Improve my CNN network (image classification)

Hi all, I am working on an image classification challenge and currently hit a deadend. My data consist of 800+ images in training and 3 classes. The test dataset doesn’t have labels and we can only get the score after uploading it. The scoring metric is log loss. Here’s the architecture and process which I have followed which got me a score of 0.34 whereas the top score is 0.14. I just want to know what more I can try and since this is my first challenge I want to learn more.

My architecture:

Using fastai with transfer learning and progressive resizing on a resnet50 model I got a score of 0.37

Ran the model for densenet and efficientnetb4 and later ensembled their scores to get 0.34

Progressive resizing I did on size 32 and later went on till 224 image size Also, I have tried to use the albumentation package.

No matter what I do now, I can’t get the score up. Is their any other way which I can follow? I tried using keras and fine-tuning but that got me till 0.6 for a single model and when tried with pytorch and transfer learning the results were pretty bad.

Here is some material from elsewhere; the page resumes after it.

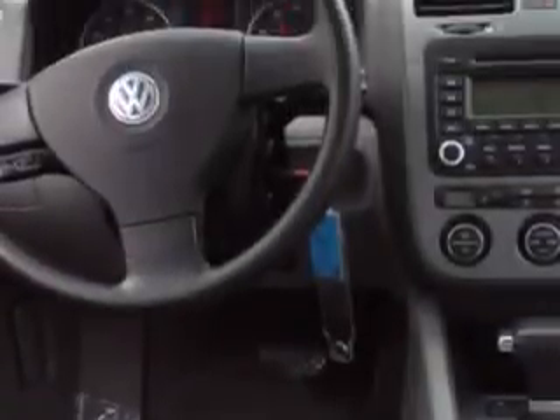Heated seats, tachometer, air conditioning, and much more. Enjoy the drive and have peace of mind in this 05 Volkswagen Jetta.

Any help would be really appreciated.

One other approach i tried is cleaning the data by identifying images which are confusing using top losses from fastai and removed some duplicate images.
I am currently totally out of any more ideas :frowning:

There are folks who got good scores like 0.2 or even 0.14
i just want to know if there is any other approach which i can try

I think the key is figuring out what the problem is. Here are some questions I would ask.

  1. Is your training data set balanced? Or is it skewed towards one of the classes?
  2. What is your validation accuracy versus your training accuracy? If the validation accuracy is a lot lower, consider using regularization.
  3. Manually look at what images your architecture is getting wrong, and categorize them. For example, you already removed duplicates. Another error might be your NN can’t handle light images well. Afterwards, try to tackle the top “problems” and work your way down.

Hi Daniel,

  1. It is not balanced but also not highly skewed towards other classes (any option to add weights for classes… i know how to do that in keras but not in fastai)
  2. i noticed that the validation accuracy is lower than tr accuracy so currently running a model after changing parameter (true_wd=False so that it adds l2 regularization)
  3. I am not sure as in how to tackle such scenarios, in terms of miss-classification i manually edited some classes but how to handle the data in such scenarios?

Hi Akshat,

I’d recommend these three deeplearning.ai videos

  1. Train/Dev/Test Sets
    https://www.youtube.com/watch?v=1waHlpKiNyY&list=PLkDaE6sCZn6Hn0vK8co82zjQtt3T2Nkqc&index=1
  2. Bias/Variance
    https://www.youtube.com/watch?v=SjQyLhQIXSM&list=PLkDaE6sCZn6Hn0vK8co82zjQtt3T2Nkqc&index=2
  3. Basic Recipe for Deep Learning
    https://www.youtube.com/watch?v=C1N_PDHuJ6Q&list=PLkDaE6sCZn6Hn0vK8co82zjQtt3T2Nkqc&index=3

If you already understand mismatched training/validation/test tests, and high variance vs high bias, then skip to video 3. Focus on video 3.

After reading your reply, some thoughts popped into my mind.

  1. In order for people to help more, I think you need to give more details. I think these are general things people post when looking for help. Is it possible to see a couple examples of your data set? Also, could you post your training + validation accuracy curves? What are the training image pixel sizes?
  2. Is your training accuracy at least lower than 0.2 or 0.14? If your training accuracy is not lower than these numbers, then your validation + test error most likely won’t be lower. A general method is to get your training accuracy very low (with a bigger network), and then work on preventing overfitting (regularization or more data).
  3. Take out the L2 regularization for now, and use data augmentation to get more data. I think people tend to not use L1/L2 regularization for image classification, and go for more data to prevent overfitting. From my experience, data augmentation helps a lot when you don’t have many images. One thing to note, you should be a little careful when using data augmentation. Think about what you are trying to classify, and how the augmentation is affecting the image. For example, if you are classifying text, you do not want to flip images horizontally, because then your “b” looks like your “d”. Similarly, for MNIST numbers, you don’t want to flip numbers vertically because a “6” looks like a “9”.